Build Real‑Time Analytics with StarRocks: Quickstart Tutorial and Sample Queries
This guide introduces StarRocks, a high‑performance MPP database, explains its architecture and typical use cases, walks through a Docker‑based quickstart, shows how to create databases and tables, load NYC crash and weather datasets via Stream Load, and demonstrates analytical SQL queries that reveal traffic‑accident patterns under different weather conditions.
What Is StarRocks?
StarRocks is a next‑generation, ultra‑fast, full‑scenario MPP (Massively Parallel Processing) database designed to simplify and accelerate data analysis without complex preprocessing. It features a fully vectorized engine, a cost‑based optimizer (CBO), real‑time analytics support, modern materialized views, and compatibility with the MySQL protocol and standard SQL.
Typical Scenarios
OLAP multidimensional analysis (user behavior, profiling, high‑dimensional metrics, self‑service reporting, etc.)
Real‑time data warehousing (e‑commerce flash sales, logistics tracking, financial performance, live streaming quality, ad‑placement analysis, operational dashboards, APM)

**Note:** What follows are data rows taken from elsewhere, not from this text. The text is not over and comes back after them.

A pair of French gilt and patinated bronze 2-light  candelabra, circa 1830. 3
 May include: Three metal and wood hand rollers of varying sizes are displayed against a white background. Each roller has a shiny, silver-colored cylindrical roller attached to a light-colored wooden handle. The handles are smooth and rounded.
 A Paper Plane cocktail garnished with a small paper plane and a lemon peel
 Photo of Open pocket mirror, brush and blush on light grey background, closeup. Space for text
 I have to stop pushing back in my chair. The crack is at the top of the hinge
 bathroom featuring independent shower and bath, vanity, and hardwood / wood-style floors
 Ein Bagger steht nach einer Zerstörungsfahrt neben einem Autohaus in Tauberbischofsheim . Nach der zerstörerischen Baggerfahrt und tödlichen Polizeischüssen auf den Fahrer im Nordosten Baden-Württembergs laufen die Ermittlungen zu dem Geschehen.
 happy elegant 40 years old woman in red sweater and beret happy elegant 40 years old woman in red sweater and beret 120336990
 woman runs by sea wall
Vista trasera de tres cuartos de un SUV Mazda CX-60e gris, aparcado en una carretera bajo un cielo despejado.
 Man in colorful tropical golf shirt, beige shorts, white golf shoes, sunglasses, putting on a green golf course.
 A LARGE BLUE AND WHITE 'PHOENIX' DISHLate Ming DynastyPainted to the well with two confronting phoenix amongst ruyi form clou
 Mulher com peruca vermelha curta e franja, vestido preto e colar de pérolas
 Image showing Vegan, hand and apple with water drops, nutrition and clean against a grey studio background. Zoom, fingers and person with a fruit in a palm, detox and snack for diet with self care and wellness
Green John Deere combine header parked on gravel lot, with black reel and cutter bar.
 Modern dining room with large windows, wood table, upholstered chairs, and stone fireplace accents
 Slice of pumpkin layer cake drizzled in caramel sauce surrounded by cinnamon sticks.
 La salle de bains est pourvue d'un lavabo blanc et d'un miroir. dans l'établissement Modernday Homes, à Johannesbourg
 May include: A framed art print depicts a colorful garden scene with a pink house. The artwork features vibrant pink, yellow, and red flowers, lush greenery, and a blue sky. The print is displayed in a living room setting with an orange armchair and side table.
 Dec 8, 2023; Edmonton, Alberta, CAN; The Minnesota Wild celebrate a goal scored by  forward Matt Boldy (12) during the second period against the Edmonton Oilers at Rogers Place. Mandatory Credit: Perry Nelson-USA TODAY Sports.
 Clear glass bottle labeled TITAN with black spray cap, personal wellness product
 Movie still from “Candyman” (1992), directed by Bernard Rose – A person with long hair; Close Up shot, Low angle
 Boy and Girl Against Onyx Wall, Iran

High‑concurrency queries (advertiser reporting, retail channel analysis, SaaS user analytics, multi‑page dashboards)
Unified analysis across data lake and warehouse using external catalogs
Architecture Overview
The system consists of two component types: Frontend (FE) nodes and Backend nodes, which can be either BE (local storage) or CN (compute‑only, using object storage or HDFS). StarRocks runs without external dependencies, supports horizontal scaling, and provides metadata replication for high availability.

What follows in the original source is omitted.